No matter what, this isn’t a cheap process and you should keep in mind that there are other things than design and development to pay for such as website hosting, on-going content creation, comments monitoring, SEO, vendor management, etc.
Most projects take from 3 – 6 months depending on the functions that need to be built and the time it takes you to approve work.
3. Get Benchmarked
Create a list of KPIs to measure your website success to ensure the design is focused on those things and that once launched you can track achievement rates. If this is a redesign project, ensure you develop a similar structure to track changes from the old site to the new site.
The key performance indicators could be things like this:
- Leads generated
- Readers spend longer on articles
- Purchasers spend less time to complete a sale
- Search ranking increasing relative to competitors
- Number of positive comments
- Customer service satisfaction
- Page Impressions
- New unique users
4. Know Your Audience
Spend time to understand who your target audience is and what they want from you. Who spends the most with you? Who do you wish spent more? Who is the next generation of your customers? Plan for them know and talk to them like you’ve done your homework.
Thinks about these things in relationship to them:
- The tone of voice of the copy
- The website’s look and feel
- Type of content (images, copy, videos) they will find appealing
- Calls to action – when you ask them to do something where will that happen? What copy will you use? How will they process the action? What will they have to do to complete the action?

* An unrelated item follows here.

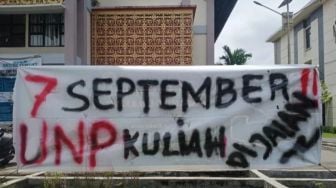 Viral Spanduk Seruan Mahasiswa UNP Kuliah di Jalan 7 September, Netizen Senang Demo BBM: Jangan Sampai Nggak Turun!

Figuring this out will help everyone working on the team create relevant and uniform content for your project.
5. Know Your Plan
Creating a brief for the team (internal or external) who will work on the project is a very important part of this process. It should include everything discussed above from copy to hosting, colors to SEO. Don’t be surprised if the creation of this beefy document takes as long as the actual execution. You’ll be glad you spent the time to give everyone a clear guide as to where you want to go and an opportunity to feedback on the content.
And don’t forget to include the launch plan here. How will you promote the new site? Ads, bloggers, contests, events?
6. Know Your Content
Your lovely new design won’t stay lovely if the content isn’t kept consistently inspiring and refreshed. That’s true for industrial machine and cosmetics brand sites.

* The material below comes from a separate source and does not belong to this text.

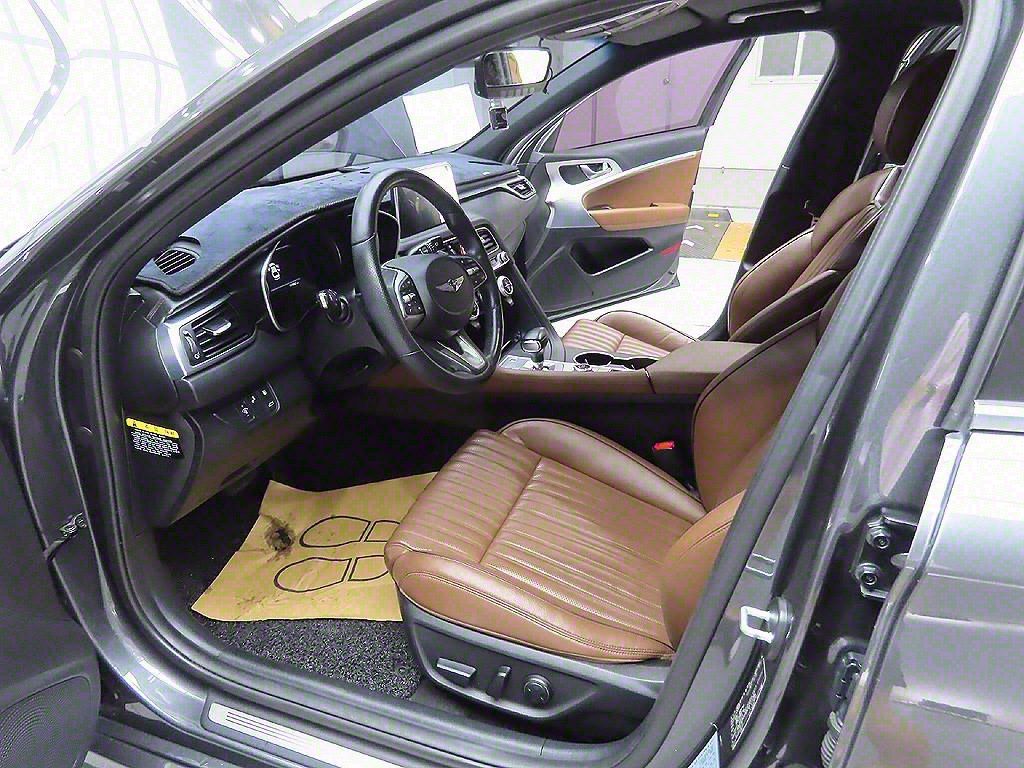 GENESIS G70 2017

Create a content strategy document and editorial calendar that maps out what content you will have at launch and how that will be maintained over time. Which people in which departments will be writing content? How often will they be writing? For what audience will they be writing? Is there a theme of content for this week?
7. Know the Bot
The other audience you always have to remember are search engine bots! They have a very complicated algorithm for how they rank your page when someone searches for your preferred key words. These are some of the main things you need to consider:
- Define the best 3-4 keywords your homepage is aiming at via research
- Use those keywords within your titles, body copy, image names, etc.
- Do a similar process for each page
- Allot time for regular fine-tuning of SEO throughout the year
8. Get Measured
At a minimum you should measure your site traffic with tools such as Google Analytics which is a free way to monitor your site traffic to discover who your visitors are (e.g. Spaniards who found your site on Google and really liked the article on racing). You can extend it to track events such as purchased, video views, etc.
There are many other paid tools which you might need for larger more complex brands. A popular enterprise tool is Omniture.